Within the entries below, please return exactly the lines from the one with "Photographie humoristique de" through the one with "Dining room looking toward kitchen", leaving out any pictures.
##### MATERIAL FOR THIS TASK
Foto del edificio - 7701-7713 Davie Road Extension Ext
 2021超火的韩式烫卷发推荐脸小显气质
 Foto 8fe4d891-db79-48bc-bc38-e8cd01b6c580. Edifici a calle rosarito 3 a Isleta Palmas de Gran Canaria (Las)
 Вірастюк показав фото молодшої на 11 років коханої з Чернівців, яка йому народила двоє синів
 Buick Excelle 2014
##########
##### MATERIAL FOR THIS TASK
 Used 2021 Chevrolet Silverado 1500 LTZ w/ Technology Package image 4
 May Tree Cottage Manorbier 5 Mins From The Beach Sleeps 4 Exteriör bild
##########
##### MATERIAL FOR THIS TASK
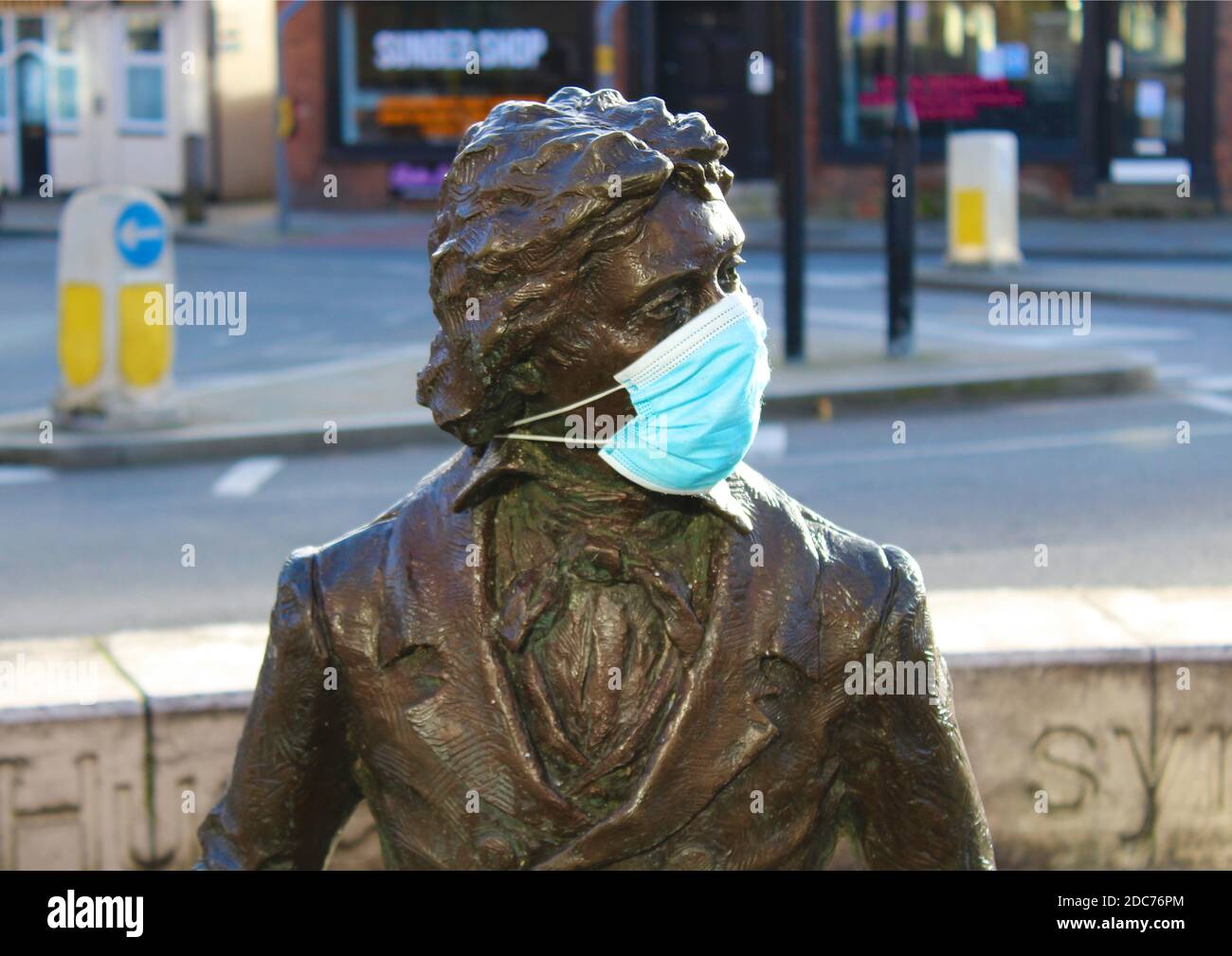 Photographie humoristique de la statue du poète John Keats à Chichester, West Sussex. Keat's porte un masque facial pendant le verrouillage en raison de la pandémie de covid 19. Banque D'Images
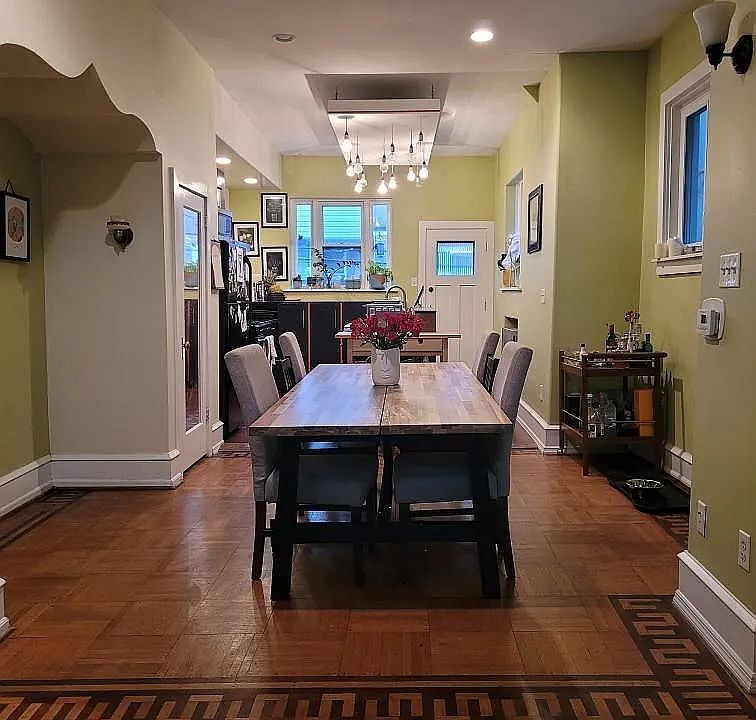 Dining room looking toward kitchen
##########
- **OUTPUT BELOW**
 Photographie humoristique de la statue du poète John Keats à Chichester, West Sussex. Keat's porte un masque facial pendant le verrouillage en raison de la pandémie de covid 19. Banque D'Images
 Dining room looking toward kitchen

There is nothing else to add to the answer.